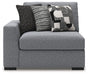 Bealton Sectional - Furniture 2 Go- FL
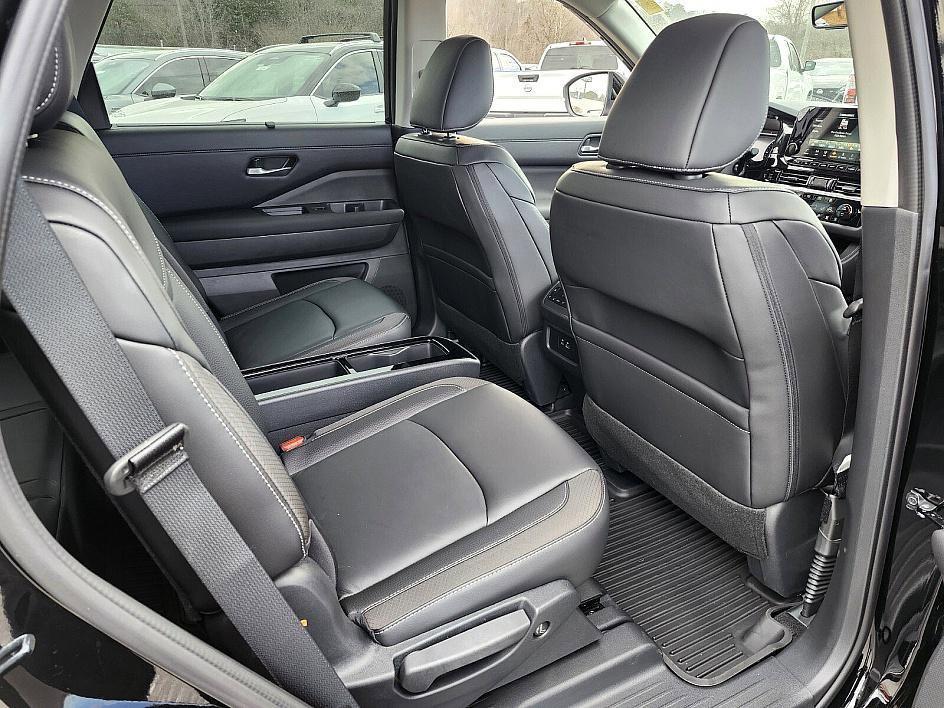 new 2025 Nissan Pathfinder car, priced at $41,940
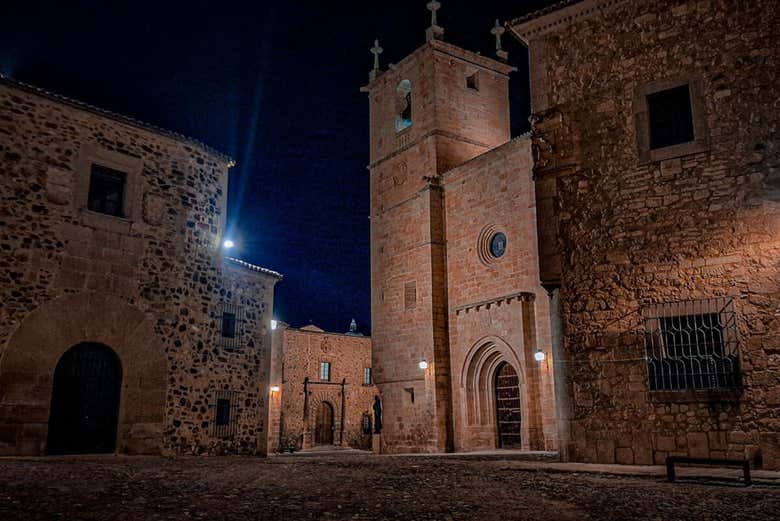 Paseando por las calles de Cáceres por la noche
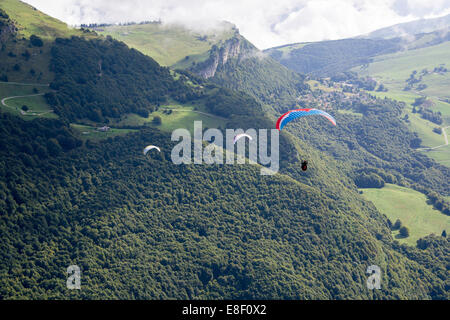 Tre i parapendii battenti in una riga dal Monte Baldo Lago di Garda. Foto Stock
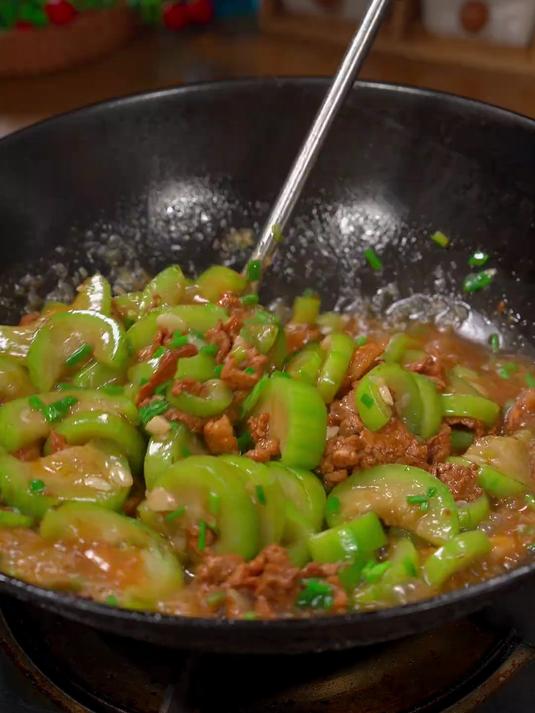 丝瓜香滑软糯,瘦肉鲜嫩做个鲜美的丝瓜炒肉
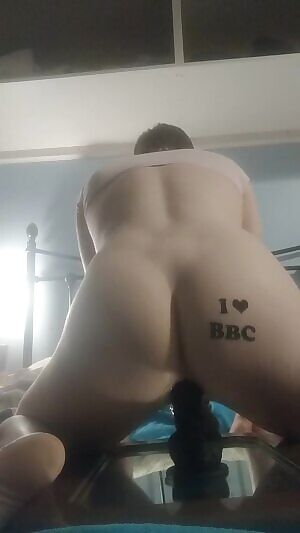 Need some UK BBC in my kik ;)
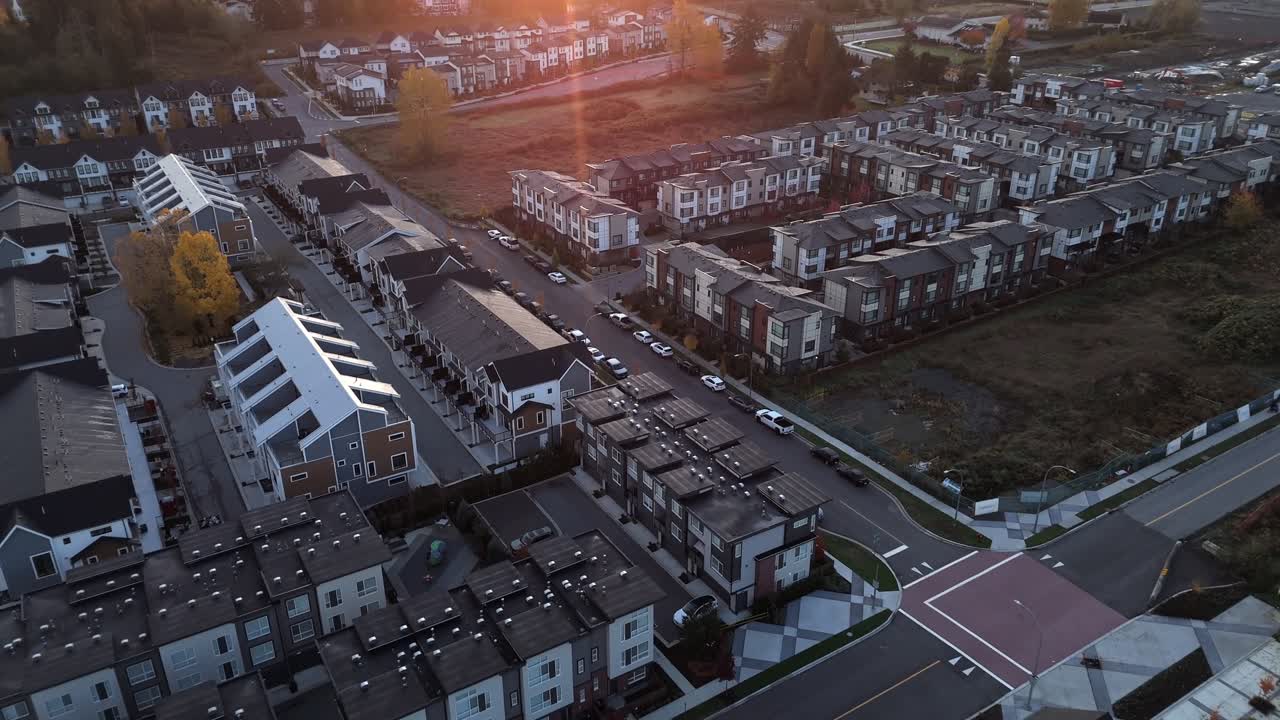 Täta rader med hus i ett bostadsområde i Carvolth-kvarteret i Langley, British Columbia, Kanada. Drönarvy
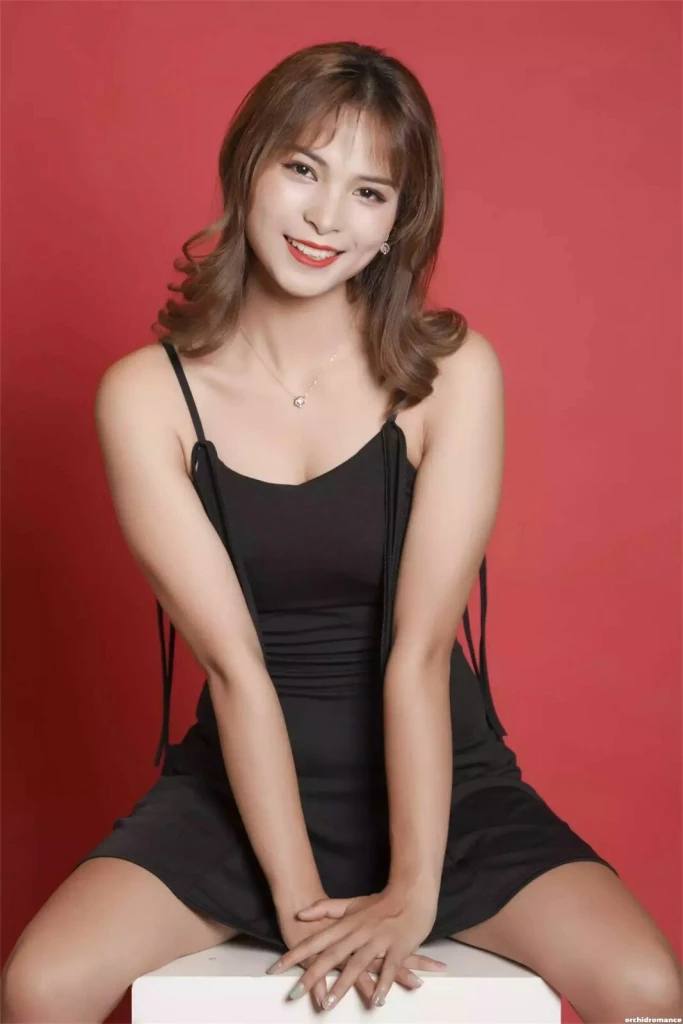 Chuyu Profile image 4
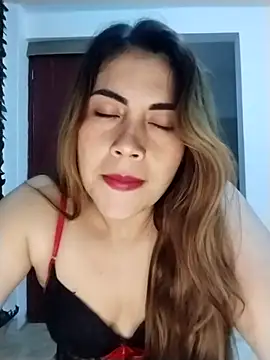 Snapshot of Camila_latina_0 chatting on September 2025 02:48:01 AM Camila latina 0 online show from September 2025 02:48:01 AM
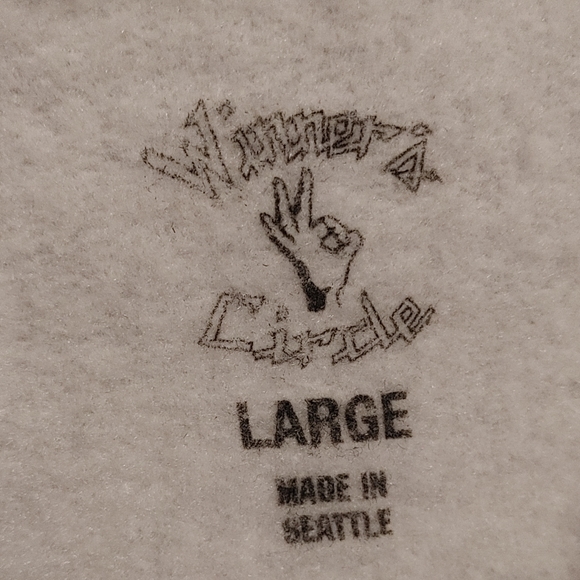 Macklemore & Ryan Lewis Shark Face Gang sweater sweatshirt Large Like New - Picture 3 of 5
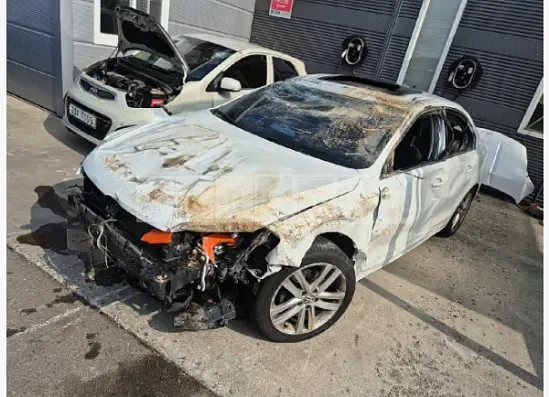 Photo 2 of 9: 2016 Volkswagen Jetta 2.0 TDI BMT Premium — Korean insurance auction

● ● ● ●

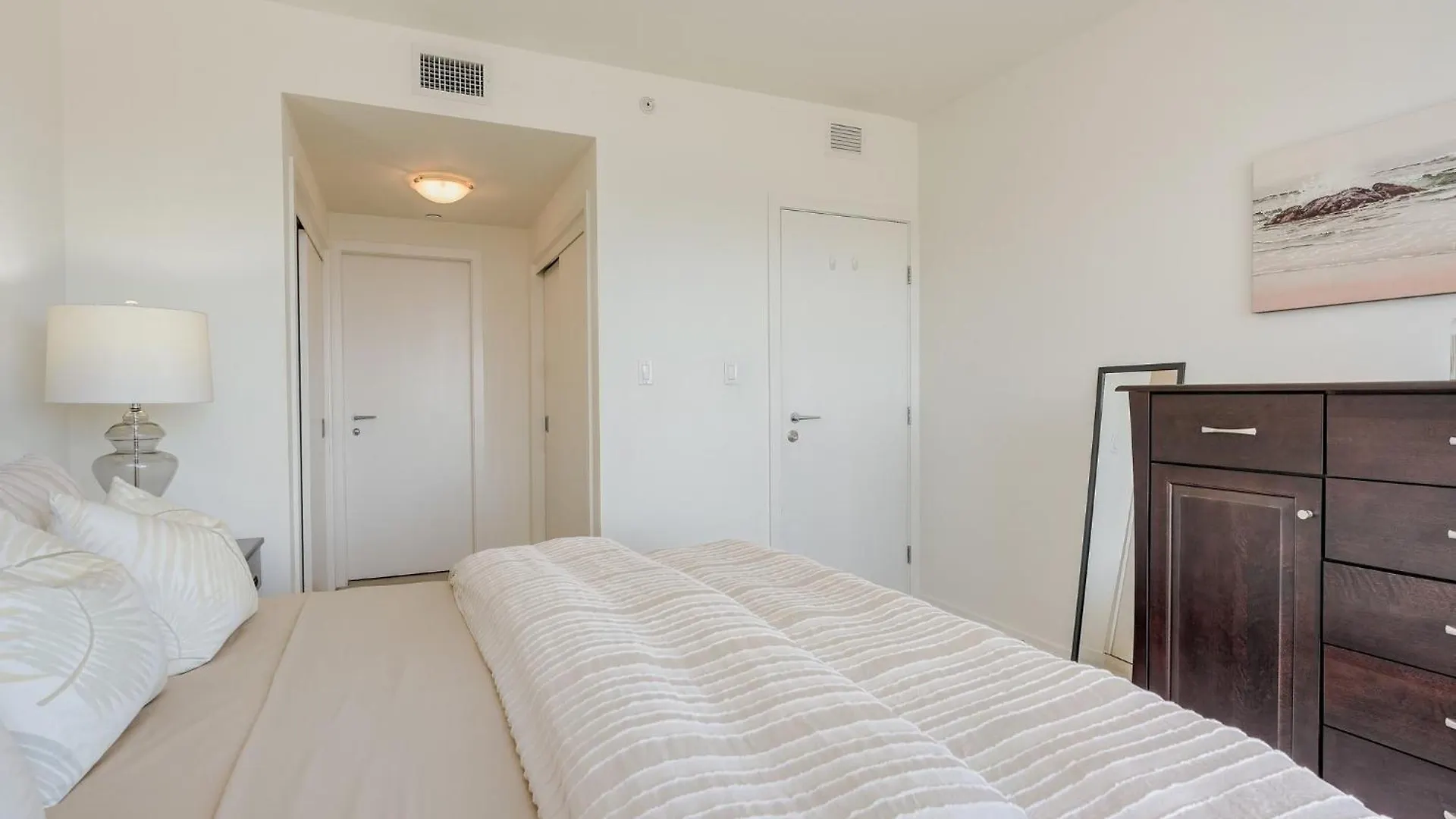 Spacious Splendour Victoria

● ● ● ●

Work item:
From the records above, extract the lines from the one holding "丝瓜香滑软糯,瘦肉鲜嫩做个鲜美的丝瓜炒肉" through the one holding "Snapshot of Camila_latina_0", word for word; omit the pictures.

Finished task:
 丝瓜香滑软糯,瘦肉鲜嫩做个鲜美的丝瓜炒肉
 Need some UK BBC in my kik ;)
 Täta rader med hus i ett bostadsområde i Carvolth-kvarteret i Langley, British Columbia, Kanada. Drönarvy
 Chuyu Profile image 4
 Snapshot of Camila_latina_0 chatting on September 2025 02:48:01 AM Camila latina 0 online show from September 2025 02:48:01 AM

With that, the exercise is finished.